4 thoughts on “Dear Lord, God…the universe. I’m fed up. Go to hell.

  1. Kinda ironic how people don’t believe in God but then the moment something goes wrong, they blame God. I guess He’s only there for convenience.
    I’m sorry she moved on. I’m sorry you didn’t. That’s life and it sucks. You’re at the age that you can get married and you are going through it. I’m friggin 15 and I’m going through it. And I know it’ll just get harder from here. I can’t blame the girl for getting someone that looks like you tho. I mean people have types. Types in both looks and personality. Wouldn’t be surprised if my (future) boyfriend had a super white ex with hazel eyes. I can’t help that I the guys I’ve liked are tall and black or Latino. Just depends on the person’s type y’know.
    But yeah, I hope things go better for you. I hope you love again.

    Liked by 1 person

    1. Hey Isa 🙂 Just to clarify a few things;

      I was cheated on and was in an emotionally abusive relationship. Her parents too didn’t approve of the way she treated me all while I was there for her; they doted on me actually.

      And I don’t blame god.
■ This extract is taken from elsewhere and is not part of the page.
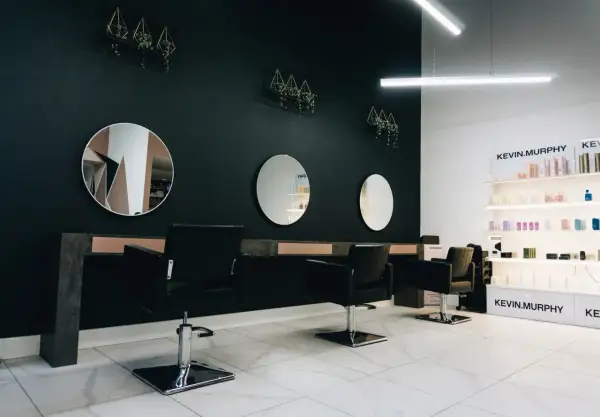 Nowoczesne wnętrze salonu fryzjerskiego z czarnymi fotelami, lustrami i półkami z kosmetykami.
I still believe him and I know he has a plan that I am still yet to fully comprehend. Ours isn’t a relationship based on convenience. (Have updated the article to reflect that clearly)

      This was just to voice my disappointment in the way things transpired because it just didn’t sit right with me that she put me through hell only to get her happy ending immediatly. So…where’s mine? Was any of this fair? I don’t understand…

      I am only angry at the universe and blame no one but myself for what happened. That too isn’t right but that’s the phase I am in now. And I wanted to voice that anger out when it was fresh because I just wish I knew or understood what was going on. Where is all of this leading to? – was my question.

      Deep down I do hope things get better… I do hope I love again. I don’t know though….

      But right now at this moment, only I care about how much I’ve been hurt. She’ll never know or care about what she put me through. And I just have to learn to live with it. I didn’t expect..that this is where I’d be after my story because we were college sweethearts.

      I just want to move on and grow up now.

      So yeah, that’s about it for now.

      Thanks for taking time to comment though 🙂 My wish is for all of us to find the people we are meant to be so that we can live in a much better world. It’s in our hands to make this place beautiful.

      Hopefully, god’s plan will make sense to me in time…and when it does I will thank him. But until then…this is how it is for now.